Alessandro Di Paolantonio

Personal information
- Date of birth: 31 December 1992 (age 33)
- Place of birth: Teramo, Italy
- Height: 1.75 m (5 ft 9 in)
- Position: Midfielder

Team information
- Current team: Monterosi
- Number: 7

Senior career*
- Years: Team / Apps / (Gls)
- 2009–2012: San Nicolò
- 2012–2017: Teramo / 158 / (17)
- 2017–2018: Ternana / 0 / (0)
- 2017–2018: → Viterbese (loan) / 32 / (1)
- 2018–2020: Avellino / 54 / (9)
- 2020–2021: Arezzo / 27 / (4)
- 2021–: Monterosi / 43 / (4)
- 2022: → Foggia (loan) / 14 / (1)

= Alessandro Di Paolantonio =

Italian footballer (born 1992)

Alessandro Di Paolantonio (born 31 December 1992) is an Italian footballer who plays as a midfielder for club Monterosi.

==Career==
Di Paolantonio made his Serie C debut for Teramo on 30 August 2014 in a game against Pisa.

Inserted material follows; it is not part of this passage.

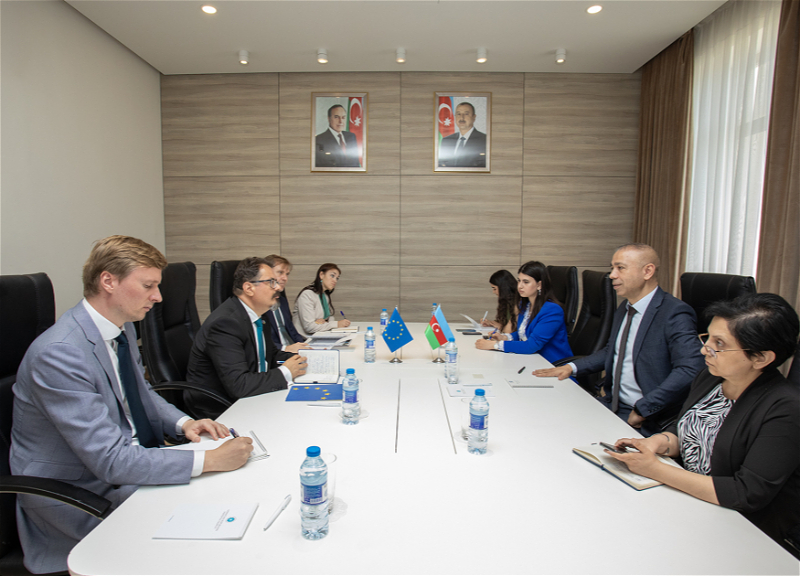 Главный исполнительный директор COP29 встретился с послом Евросоюза в Азербайджане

On 9 November 2018, Di Paolantonio joined Avellino, in Serie D at the time and advanced with it to Serie C at the end of the 2018–19 season.

On 28 August 2021, Di Paolantonio signed with Monterosi, freshly promoted to Serie C. On 25 January 2022, he moved on loan to Foggia.